RAW DATA: Begin

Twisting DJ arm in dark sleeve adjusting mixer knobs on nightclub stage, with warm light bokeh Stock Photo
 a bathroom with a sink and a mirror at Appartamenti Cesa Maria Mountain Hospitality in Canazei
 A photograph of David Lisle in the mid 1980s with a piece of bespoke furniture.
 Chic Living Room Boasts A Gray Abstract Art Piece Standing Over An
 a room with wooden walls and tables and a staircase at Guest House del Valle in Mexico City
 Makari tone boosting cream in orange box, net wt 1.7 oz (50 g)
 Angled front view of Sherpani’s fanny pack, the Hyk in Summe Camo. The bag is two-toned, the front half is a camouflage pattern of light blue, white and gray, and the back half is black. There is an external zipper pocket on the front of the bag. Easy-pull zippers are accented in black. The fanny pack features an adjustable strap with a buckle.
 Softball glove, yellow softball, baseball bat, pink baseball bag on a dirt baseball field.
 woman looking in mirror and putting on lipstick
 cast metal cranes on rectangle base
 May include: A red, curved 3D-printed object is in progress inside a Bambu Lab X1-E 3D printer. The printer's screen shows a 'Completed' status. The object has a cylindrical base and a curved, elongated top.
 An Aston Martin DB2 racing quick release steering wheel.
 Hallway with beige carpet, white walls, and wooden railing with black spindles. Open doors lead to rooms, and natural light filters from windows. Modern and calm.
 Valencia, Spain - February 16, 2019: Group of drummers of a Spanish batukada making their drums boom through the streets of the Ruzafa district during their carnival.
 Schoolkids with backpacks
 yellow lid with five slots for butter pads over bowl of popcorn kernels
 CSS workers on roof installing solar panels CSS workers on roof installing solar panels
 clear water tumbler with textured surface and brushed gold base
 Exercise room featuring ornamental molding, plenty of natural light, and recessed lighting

RAW DATA: End

▸ TASK DETAILS: Extract, please, the lines from the start of the entries above through the one with "A photograph of", both included, reproducing each exactly and adding nothing.

▸ SOLVED EXERCISE:
Twisting DJ arm in dark sleeve adjusting mixer knobs on nightclub stage, with warm light bokeh Stock Photo
 a bathroom with a sink and a mirror at Appartamenti Cesa Maria Mountain Hospitality in Canazei
 A photograph of David Lisle in the mid 1980s with a piece of bespoke furniture.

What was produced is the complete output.